Shapiro–Wilk test for normality

hd-EEG preprocessing and analysis

Data were resampled offline at 256 Hz and filtered at 0.5-30 μV. Eye movements or blink artifacts were corrected with independent component analysis (D. Kim and Kim, 2012) and with a visual inspection protocol (Schandry and Montoya, 1996; Dirlich et al., 1997; Pollatos and Schandry, 2004; Terhaar et al., 2012; García-Cordero et al., 2016, 2017; Yoris et al., 2017, 2018; Salamone et al., 2018).
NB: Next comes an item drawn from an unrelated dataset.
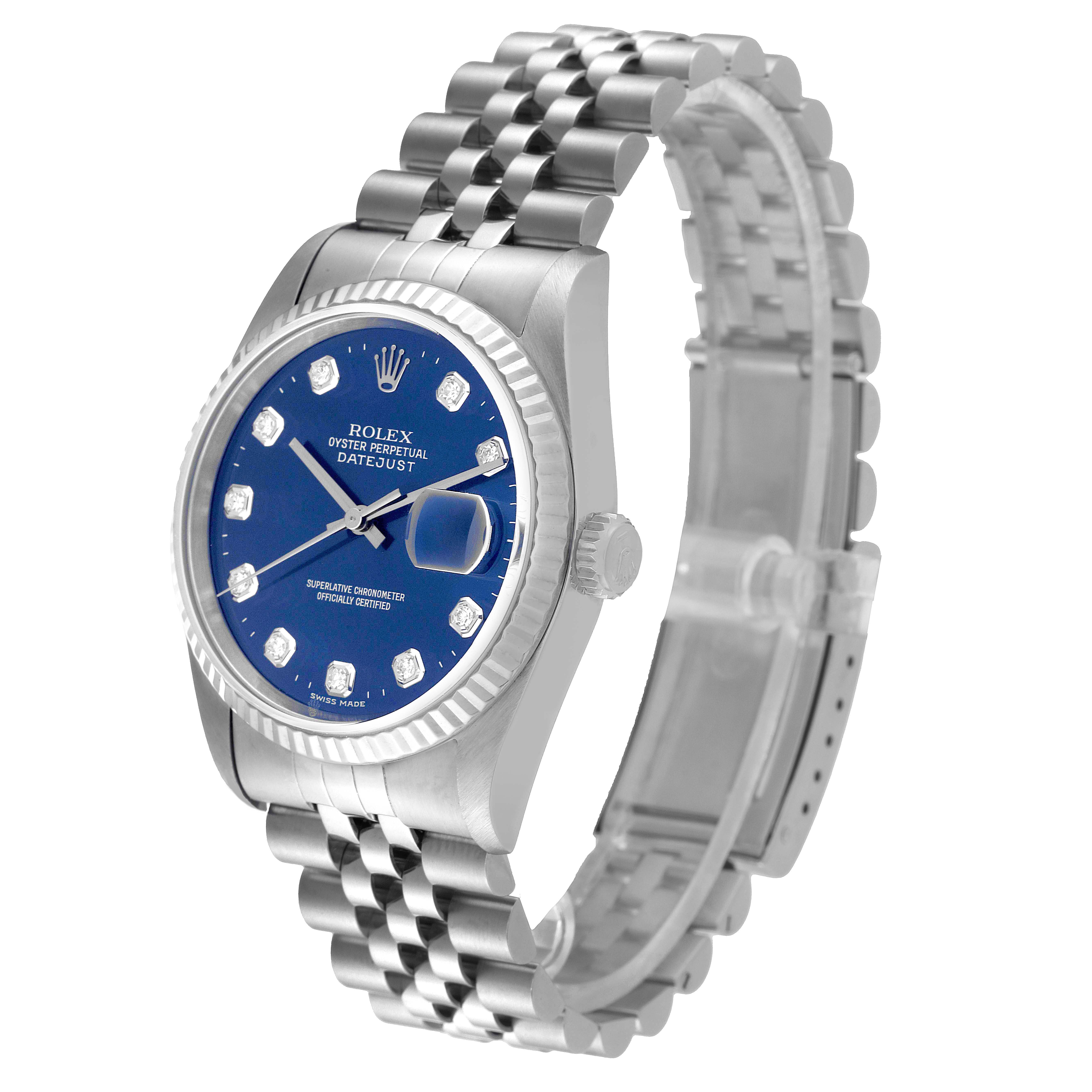 This image shows a Rolex Datejust 16234 Men's Stainless Steel Blue Dial 16234 Men's Stainless Steel Blue Dial watch at an angled side view, highlighting its blue dial, fluted bezel, and jubilee bracelet.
R-wave values from the ECG signal were identified with a peakfinder function on MATLAB and used to segment continuous hd-EEG data for HEP analysis (Canales-Johnson et al., 2015; García-Cordero et al., 2016, 2017; Yoris et al., 2017; Salamone et al., 2018, 2020; Abrevaya et al., 2020; Legaz et al., 2020; Richter and Ibáñez, 2021). To examine the HEP occurring during the facial emotion stimuli presentation, we first segmented continuous EEG into epochs from −200 to 800 ms relative to the onset of facial stimuli (= 0). Then, within this 1000 ms window, the HEP was extracted for each condition. These EEG epochs were delimited between −300 and 500 ms around the R-wave peak, and baseline-corrected relative to −300 to 0 ms (Salamone et al., 2018). Epoch selection was designed to guarantee one full HEP modulation after each emotional stimulus. The signal was rereferenced offline to the average reference. Noisy epochs were rejected using an automatic EEGLAB procedure; criteria for exclusion included elimination of trials which exceeded a threshold of 2.5 SD from the mean probability distribution calculated from all trials and by measuring the kurtosis of probability distribution (Zich et al., 2015), percentage of rejected trails was similar across groups and conditions (for details, see Table 9). Low drifts were removed by linear trend corrections (Delorme and Makeig, 2004). HEP was then extracted for each priming condition (FER post-Intero or post-Extero) and for each stimuli valence (negative and neutral faces), and trials were averaged across subjects for group comparisons.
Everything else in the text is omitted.